## Action item
All lines from the one containing "Casa en venta" through the end of the data below are to be repeated exactly, with pictures left out.

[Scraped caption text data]
*****

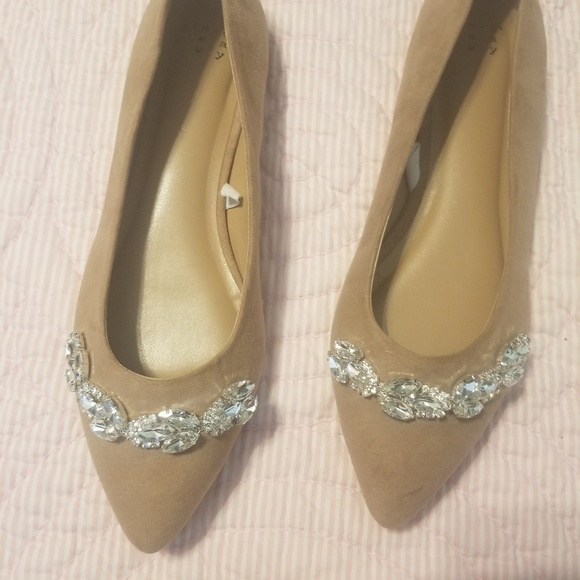 Shoes - Picture 2 of 4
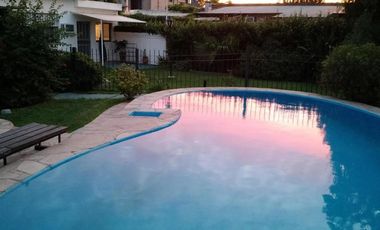 Casa en venta - 4 Dormitorios 3 Baños - Cocheras - 500Mts2 - Santa Teresa, Santa Fe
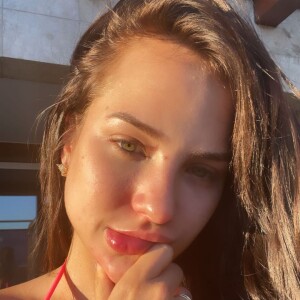 Gabi Martins explicou que seus lábios ainda estão inchados por causa do preenchimento
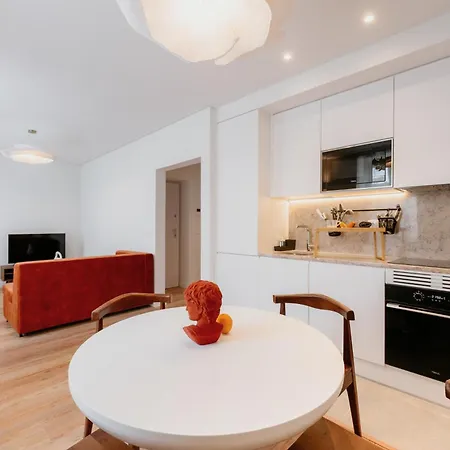Mary Orange - No 236 Rc D - Contemporary Two-bedroom Haven Apartment Lisbon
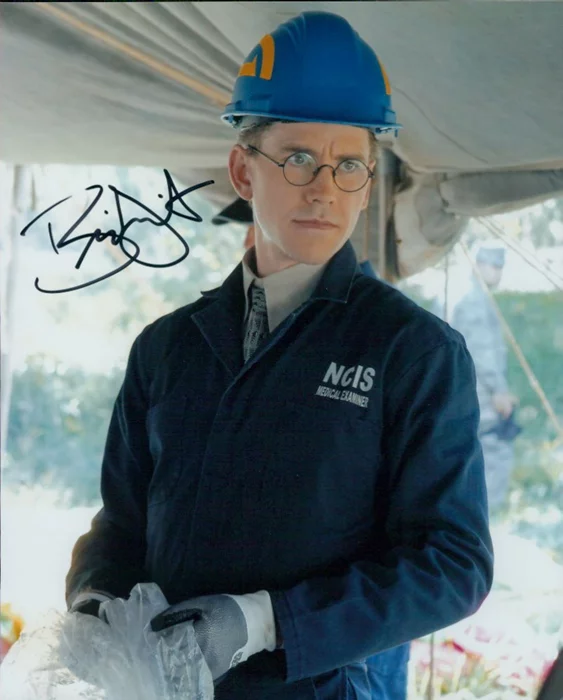 Brian Dietzen autograph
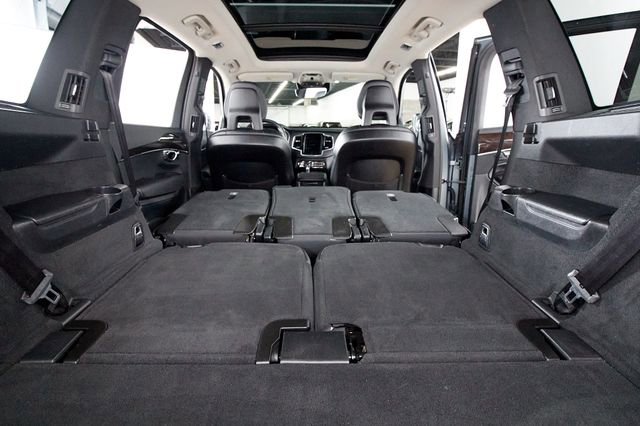 Used 2016 Volvo XC90 T6 Momentum w/ Momentum Plus Package image 25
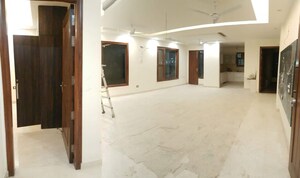 Room in 3 BHK Builder Floor at Sector 46 – for Rent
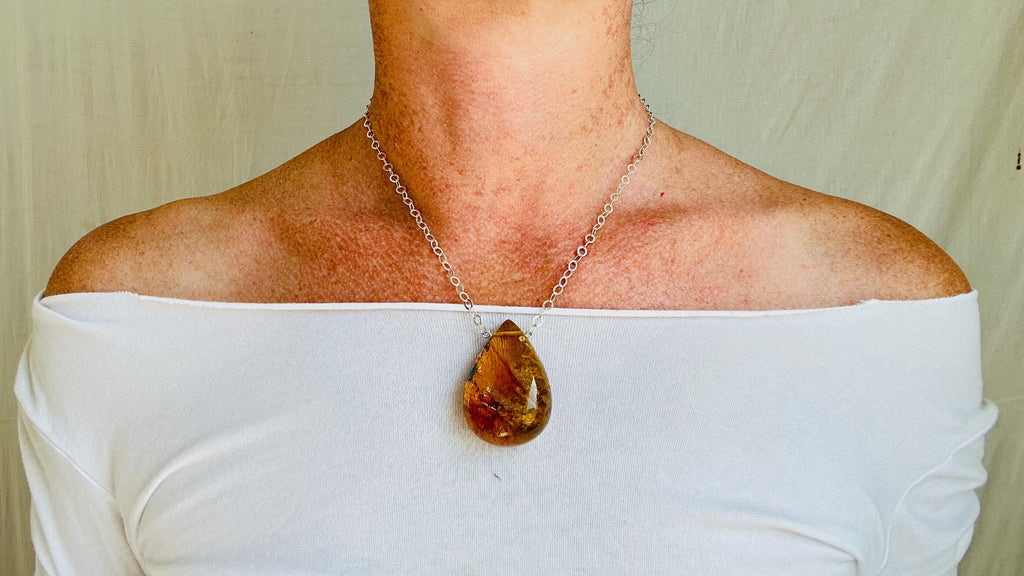 Large Amber Pendant on a Silver Chain. 2558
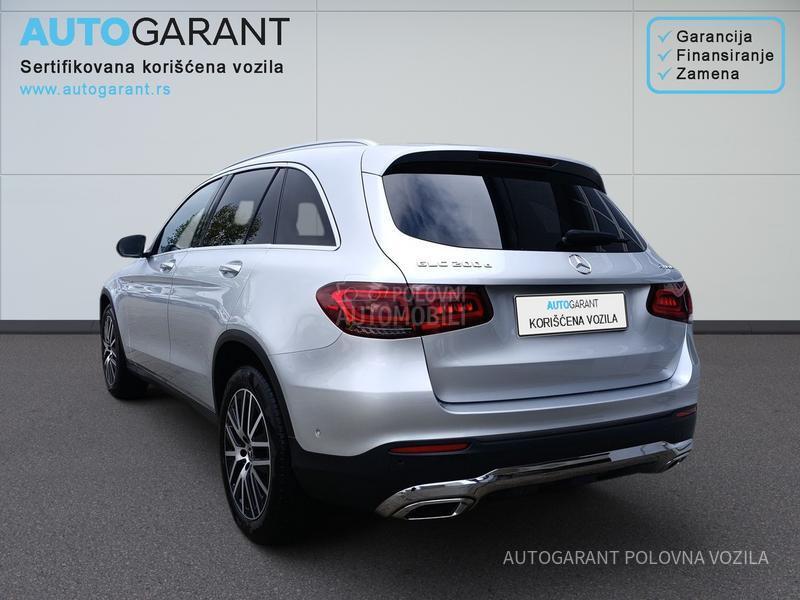 Mercedes Benz GLC 200 D 4MATIC A/T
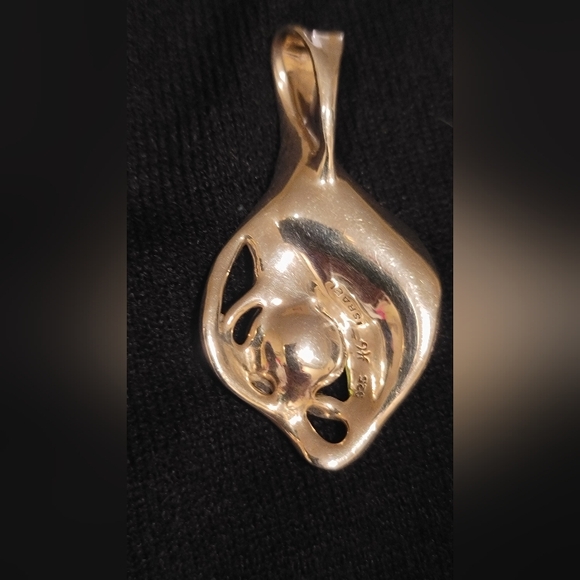 Designer Hagit Gorali Sterling Silver and Green Pearl Pendant - Picture 3 of 3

*****

## Task solution
 Casa en venta - 4 Dormitorios 3 Baños - Cocheras - 500Mts2 - Santa Teresa, Santa Fe
 Gabi Martins explicou que seus lábios ainda estão inchados por causa do preenchimento
Mary Orange - No 236 Rc D - Contemporary Two-bedroom Haven Apartment Lisbon
 Brian Dietzen autograph
 Used 2016 Volvo XC90 T6 Momentum w/ Momentum Plus Package image 25
 Room in 3 BHK Builder Floor at Sector 46 – for Rent
 Large Amber Pendant on a Silver Chain. 2558
 Mercedes Benz GLC 200 D 4MATIC A/T
 Designer Hagit Gorali Sterling Silver and Green Pearl Pendant - Picture 3 of 3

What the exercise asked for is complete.